Negli ultimi si sta cominciando a parlare sempre più diffusamente del software libero: moltissimi sono gli utenti che si convertono a Linux o che installano le alternative libere sui loro computer (Firefox, Open Office). Un torrente in piena che sta interessando sempre più
interlocutori, anche istituzionali.
A spingere verso questo cambiamento non ci sono solo le motivazioni etiche e filosofiche, la possibilità di avere a disposizione un sistema che è
completamente gestibile e configurabile secondo le proprie esigenze, ma anche e soprattutto la necessità di <b>trasparenza</b>.
Nel mondo moderno Internet è per importanza la prima finestra di comunicazione verso l'esterno: su Internet viaggiano documenti di lavoro, conversazioni, immagini, filmati e via dicendo.
Sempre più persone, consapevoli dell'impatto che ha il computer su
molti aspetti della propria vita, hanno iniziato a rendersi conto
dell'enorme fiducia che implicitamente sono costretti a dare ai
produttori di questa macchina (hardware) e di ciò che la fa funzionare
(software).
Molte persone stanno quindi cominciando a sentire la
necessità di abbandonare le vecchie soluzioni "chiuse", che impediscono
di avere il pieno controllo dei propri computer, in favore di
alternative aperte (Software Libero) e quindi pulite.

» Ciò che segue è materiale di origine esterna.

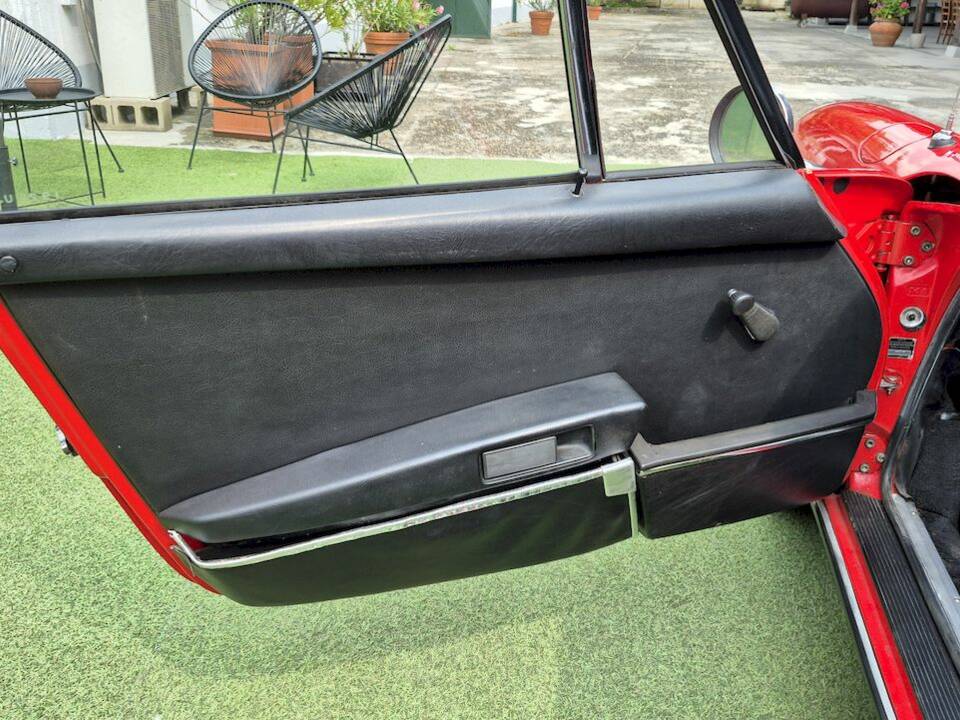 Image 17/42 of Porsche 911 2.4 T &quot;Oilflap&quot; (1972)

Non solo, i costi ridotti di manutenzione e l'assenza di costi di licenza spingono l'utenza aziendale a considerare l'Open Source, ritenendo che sia possibile far fronte ad una spesa iniziale di formazione pur di non dover più avere preoccupazioni per virus, spyware e quant'altro. La natura tecnica di un sistema come Linux infatti, permette di avere a propria disposizione una macchina funzionante sempre al massimo delle sue potenzialità e soprattutto sicura.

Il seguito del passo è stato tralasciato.